Anyone else look at this one on TCM last night? If not SolarCoasterX has uploaded a hint of what you missed.
J. Lee Thompson's thriller has a lot going for it, but doesn't quite live up to that trailer. It's pretty ambitious visually, opting for black and white pretty late in the game but to often menacing effect on location at castle and environs. Thompson and editor Ernest Walter also opt often for a rapid-fire montage style, though at times it's so reminiscent of a Mission:Impossible opening that you expect to see the fuse burning across the screen. The technique works best at the climax, as Deborah Kerr runs to the rescue of husband David Niven while David Hemmings readies his bow to perform Niven's ritual execution and Sharon Tate as Hemmings's witchy sister lurks nearby. The deal is that Niven, who owns extensive lands in rural France (and is presumably, like Hemmings, Donald Pleasance, Flora Robson, etc., French) but lives the sophisticated life (harp concerts, etc.) in the big city, must return to the countryside and his overlording castle when the vineyards fail for the third straight year. Niven's is a lineage of sacrificial kings; the menfolk lay their lives down as blood offerings to the land so the crops will flourish. But somehow he never told his wife about this before the crisis, so most of the picture is Kerr's agonizingly protracted discovery of the truth, impeded by Tate's malice and Pleasance's obfuscation in his capacity as the local priest.

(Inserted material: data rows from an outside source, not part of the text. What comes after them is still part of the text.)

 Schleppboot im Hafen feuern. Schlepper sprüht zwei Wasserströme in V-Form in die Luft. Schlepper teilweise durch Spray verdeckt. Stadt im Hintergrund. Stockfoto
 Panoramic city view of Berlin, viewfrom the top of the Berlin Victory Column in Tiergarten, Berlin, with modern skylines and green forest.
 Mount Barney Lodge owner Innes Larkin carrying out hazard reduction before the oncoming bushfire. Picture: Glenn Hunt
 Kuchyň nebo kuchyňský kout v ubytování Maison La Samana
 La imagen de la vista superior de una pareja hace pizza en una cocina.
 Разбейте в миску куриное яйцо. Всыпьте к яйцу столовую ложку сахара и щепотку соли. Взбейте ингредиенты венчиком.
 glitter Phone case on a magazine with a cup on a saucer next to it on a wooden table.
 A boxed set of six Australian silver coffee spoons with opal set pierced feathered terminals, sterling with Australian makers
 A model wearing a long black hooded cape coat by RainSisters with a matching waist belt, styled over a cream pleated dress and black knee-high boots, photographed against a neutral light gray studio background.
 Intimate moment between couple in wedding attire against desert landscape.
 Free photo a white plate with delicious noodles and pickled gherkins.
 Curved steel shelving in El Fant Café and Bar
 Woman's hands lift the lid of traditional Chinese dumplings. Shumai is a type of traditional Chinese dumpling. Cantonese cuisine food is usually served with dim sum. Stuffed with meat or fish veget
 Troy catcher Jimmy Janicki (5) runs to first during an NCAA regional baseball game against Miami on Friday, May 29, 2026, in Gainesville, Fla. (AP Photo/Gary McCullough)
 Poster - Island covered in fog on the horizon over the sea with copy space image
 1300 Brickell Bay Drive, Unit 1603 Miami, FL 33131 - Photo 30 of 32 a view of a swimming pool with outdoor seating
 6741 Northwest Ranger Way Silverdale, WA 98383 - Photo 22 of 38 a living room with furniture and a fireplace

Maybe Niven thought he could live out his life without getting the call home, despite his angry memory of his own father's faking death by drowning to dodge the ancient obligation. Maybe I just don't understand the ways of these French folk, but this whole human sacrifice business is something you might tell the woman you're sharing your potentially-truncated life with about. But I suppose that stiff-upper-lip tradition for which the French are well known forbids one from revealing those little details that might trouble women's delicate sensibilities. Better to trouble them all at once when the time comes to take your mandatory arrow in the chest.
It's up to Kerr to carry the picture, both as a woman in peril and the only person likely to defy tradition and superstition and save the day. The problem with the story is that there's no consistent sense of the peril she's in or her potential for heroism. Sharon Tate seems to want to kill her, but her witch character seems singular in her intentions, though Hemmings does point an arrow in Kerr's direction once. Ultimately, the film disappoints because the thriller set-up requires Kerr to accomplish something, but she doesn't. She could break up the sacrifice, or convince the old man to intervene, or she could even sacrifice herself (for love if not the wine crop) by taking the arrow herself. But this is a movie that concludes with a race against time that the heroine loses. The effect was meant to be horrific, I'm sure, but it only seemed futile.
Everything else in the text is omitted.